Re: Is the P-word? (Was: TAG Decision on Rescinding the request to the HTML WG to develop a polyglot guide) from David Sheets on 2013-01-23 (public-html@w3.org from January 2013)

From: David Sheets <kosmo.zb@gmail.com>
Date: Wed, 23 Jan 2013 15:13:23 -0800
To: Leif Halvard Silli <xn--mlform-iua@xn--mlform-iua.no>
Cc: Henri Sivonen <hsivonen@iki.fi>, Daniel Glazman <daniel@glazman.org>, Sam Ruby <rubys@intertwingly.net>, Noah Mendelsohn <nrm@arcanedomain.com>, "www-tag@w3.org List" <www-tag@w3.org>, "public-html@w3.org" <public-html@w3.org>
Message-ID: <CAAWM5Twbip0EHsUX78DEQbaVd1UTekACtFDM6zjyh9=DjgZ1TQ@mail.gmail.com>

On Wed, Jan 23, 2013 at 1:11 AM, Leif Halvard Silli
<xn--mlform-iua@xn--mlform-iua.no> wrote:
> David Sheets, Tue, 22 Jan 2013 21:18:00 -0800:
>
>> What is the reason that
>> <http://dev.w3.org/html5/html-xhtml-author-guide/#content-type> says
>>
>> <blockquote>
>> The HTTP Content-Type: header has no extra rules or restrictions,
>> whereas polyglot markup does not use the http-equiv="Content-Type"
>> declaration on the meta element.
>> </blockquote>
>
> The Polyglot Markup spec limits itself to define a subset of the HTML5
> spec, which permits meta@charset=UTF-8 in both XHTML code and HTML
> code, whereas the HTML5 spec only permits meta@http-equiv in HTML code.

Are you referring to
<http://www.w3.org/html/wg/drafts/html/master/document-metadata.html#attr-meta-http-equiv-content-type>?

See below for the operational details that makes these prescriptive
statements pointless.

>> This suggests to me that putting something like
>>
>> <meta http-equiv="Content-Type" content="application/xhtml+xml" />
>
> A case could be made for allowing 'text/html;charset=UTF-8' in XHTML5
> since meta@charset has somewhat limited support outside the GUI browser
> world.

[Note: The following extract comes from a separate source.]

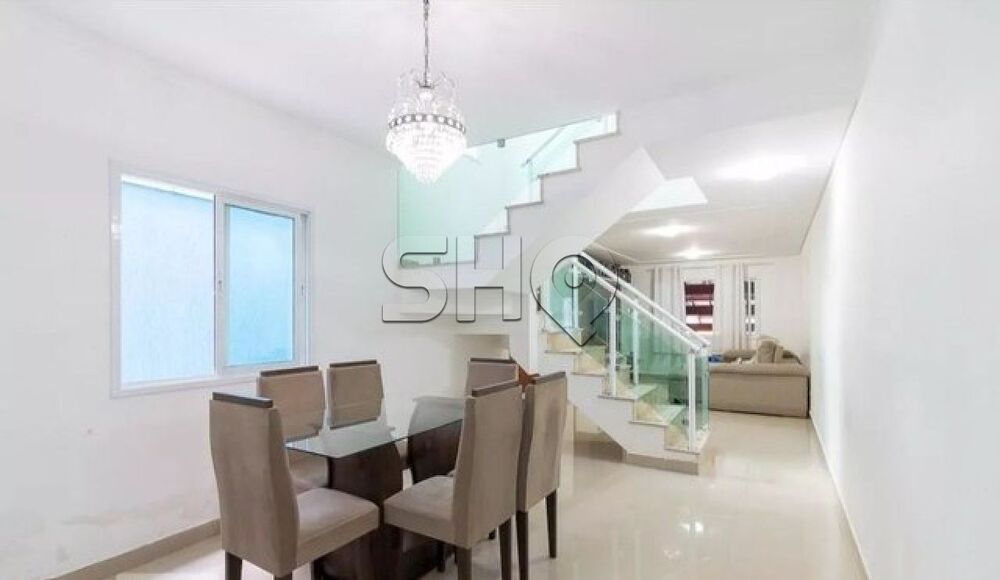 Sobrado, 3 quartos, 125 m² - Foto 5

For instance, Microsoft Word and Open Office doesn't support
> <meta charset="UTF-8"/>. Which, I have to admit, feels like a pain in
> polyglot’s robustness principle ass. ;-) But then again: If you
> export/download a Google Docs document (from Google Drive) as HTML, you
> will find that it contains no encoding declaration (and no DOCTYPE for
> that matter) - all the non-ASCII is converted to numerical character
> entities.
>
>> is a potential way to indicate to text/html consumers that this
>> representation is also parseable by an XML parser and interpretable by
>> an XHTML renderer.
>>
>> Is this ill-advised for some reason? Is there a pitfall here of which
>> I am ignorant?
>>
>> It would be nice to embed useful metadata indicating that the present
>> representation is intended to have identical semantics under different
>> media types' interpretations. This would give multi-modal consumers a
>> means to leverage both HTML and XML processing on the document if so
>> instructed.
>
> If you meant that one could include two meta based encoding decalraiton
> elements in the same document, then HTML5 forbids that as well.
> http://www.w3.org/html/wg/drafts/html/master/document-metadata.html#charset

This would not be an encoding or charset declaration. This would be a
piece of embedded metadata stating that the author's intent is that
the containing representation can be interpreted identically under
text/html and application/xhtml+xml.

The HTML5 spec says
<http://www.w3.org/html/wg/drafts/html/master/document-metadata.html#attr-meta-http-equiv-content-type>:

<blockquote>
The Encoding declaration state is just an alternative form of setting
the charset attribute: it is a character encoding declaration. This
state's user agent requirements are all handled by the parsing section
of the specification.
</blockquote>

which, I believe, refers to
<http://www.w3.org/html/wg/drafts/html/master/infrastructure.html#algorithm-for-extracting-a-character-encoding-from-a-meta-element>:

<blockquote>
Loop: Find the first seven characters in s after position that are an
ASCII case-insensitive match for the word "charset". If no such match
is found, return nothing and abort these steps.
</blockquote>

which indicates to me that <meta http-equiv="Content-Type"
content="application/xhtml+xml" /> would be put in the DOM under both
HTML5 and XHTML5, would not interfere with charset detection, and
would be benign. Non-HTTP HTML consumers can interpret the
representation as text/html and non-HTTP XHTML consumers can interpret
the representation as XHTML. When this representation is served, the
server may extract this embedded metadata to decide how to serve the
document.

Do you know of any specific subsystems that fail if this is done? Do
the HTML and XML DOMs diverge? Despite what the "normative" prose in
HTML5 says, the algorithms contained in the spec don't appear to care
about meta/@http-equiv which does not specify a 'charset' media type
parameter.

This tag seems to be the most appropriate for expressing the
polyglot-ness of an (X)HTML document. Maybe there is another way to
declare this authorial intent, however.

<!DOCTYPE html> implies text/html conformance
<meta http-equiv="Content-Type" content="application/xhtml+xml" />
implies application/xhtml+xml conformance

Thoughts?

David

Received on Wednesday, 23 January 2013 23:18:10 UTC